WORK INSTRUCTION:
Look in the listing below for the line that has "Isola di Capo", then return it and each following line up to and including the one with "2026 Chevrolet Silverado 1500 RST - Photo 6", exactly and without pictures.

THE DATA:
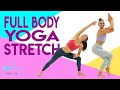 Full Body Yoga Flow with Heart and Hip Openers with guest Sydney Duarte!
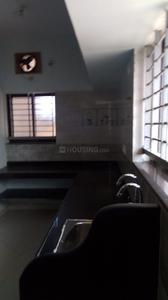Kitchen Image of 1200 Sq.ft 2 BHK Builder Floor for rent in Hosayellapur Dharwad for Rs. 12000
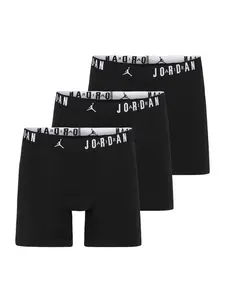 Jordan Boxerky 'FLIGHT'  sivá / čierna / biela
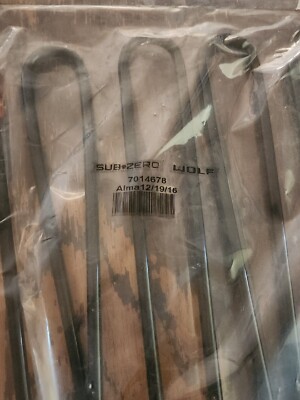 Sub Zero Refrigerator Heater Loop 7014678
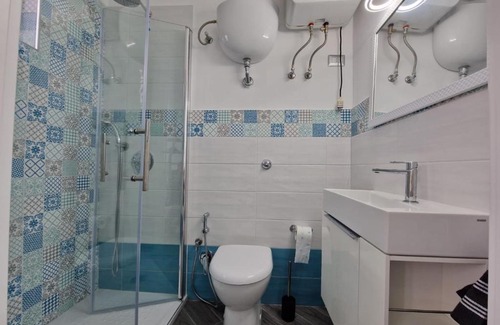 Isola di Capo Rizzuto Apartment | Casa De Santis: Oceanfront Retreat with Top Guest Rating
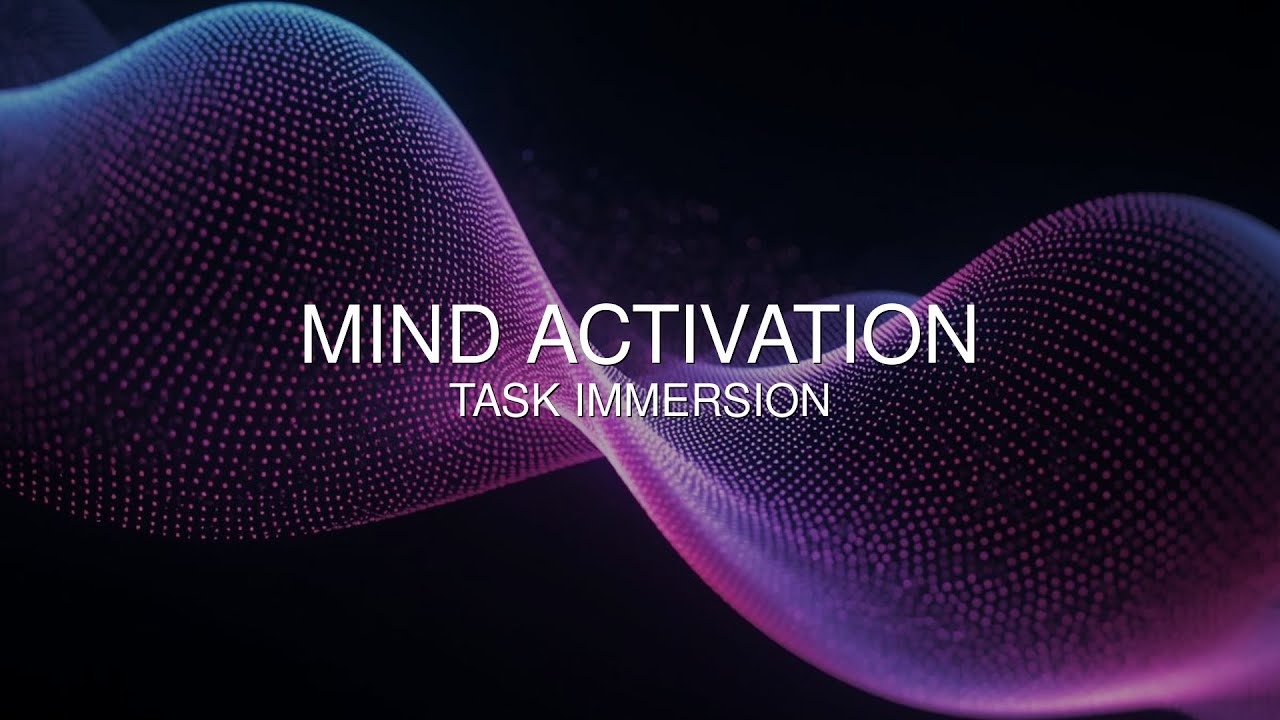 16Hz Binaural Beats - Neural Sync for Intense Study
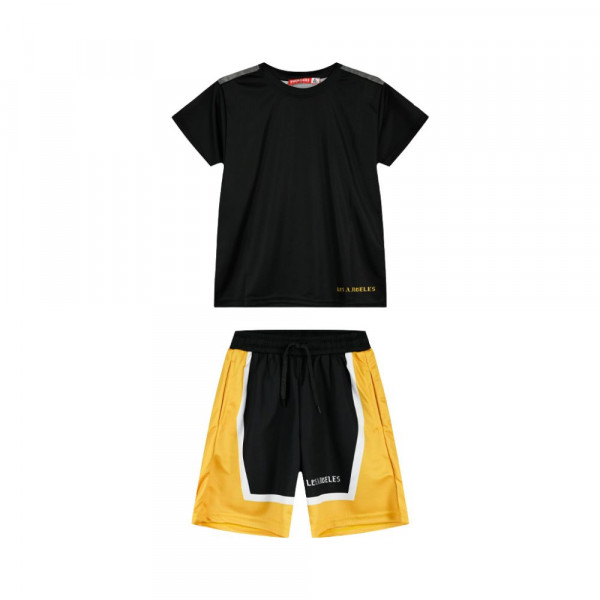 ENERGIERS Παιδικό Σετ για Αγόρι - ΜΟΥΣΤΑΡΔΙ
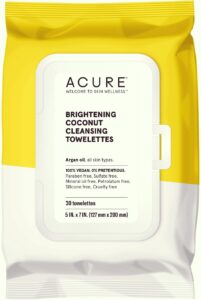 Best makeup remover wipes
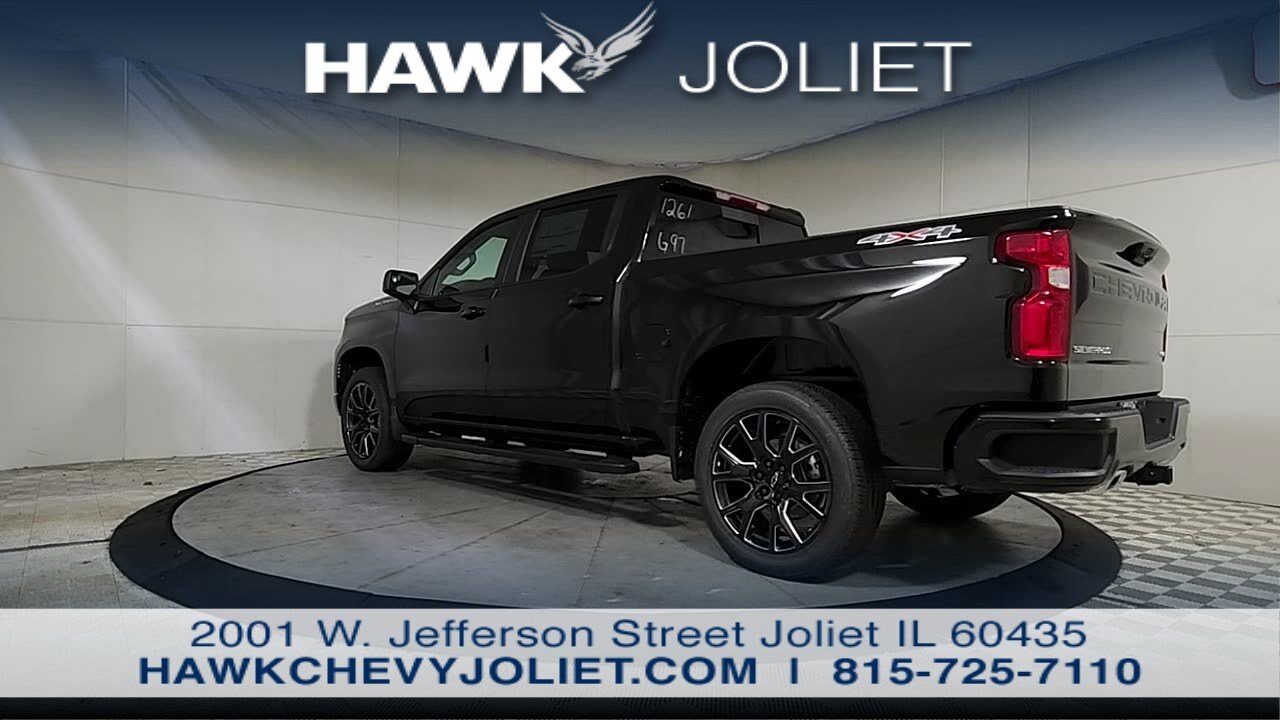 2026 Chevrolet Silverado 1500 RST - Photo 6
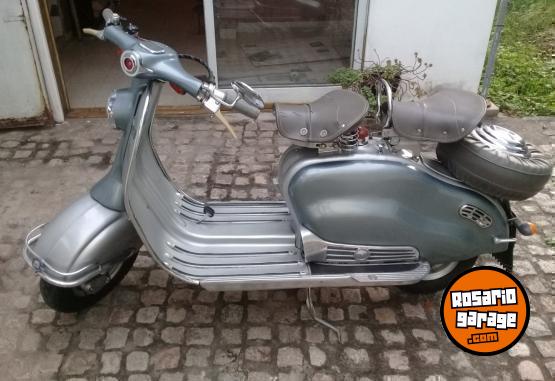 Clsicos - Lambretta 150 LD 1959 - En Venta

PROBLEM SOLUTION:
 Isola di Capo Rizzuto Apartment | Casa De Santis: Oceanfront Retreat with Top Guest Rating
 16Hz Binaural Beats - Neural Sync for Intense Study
 ENERGIERS Παιδικό Σετ για Αγόρι - ΜΟΥΣΤΑΡΔΙ
 Best makeup remover wipes
 2026 Chevrolet Silverado 1500 RST - Photo 6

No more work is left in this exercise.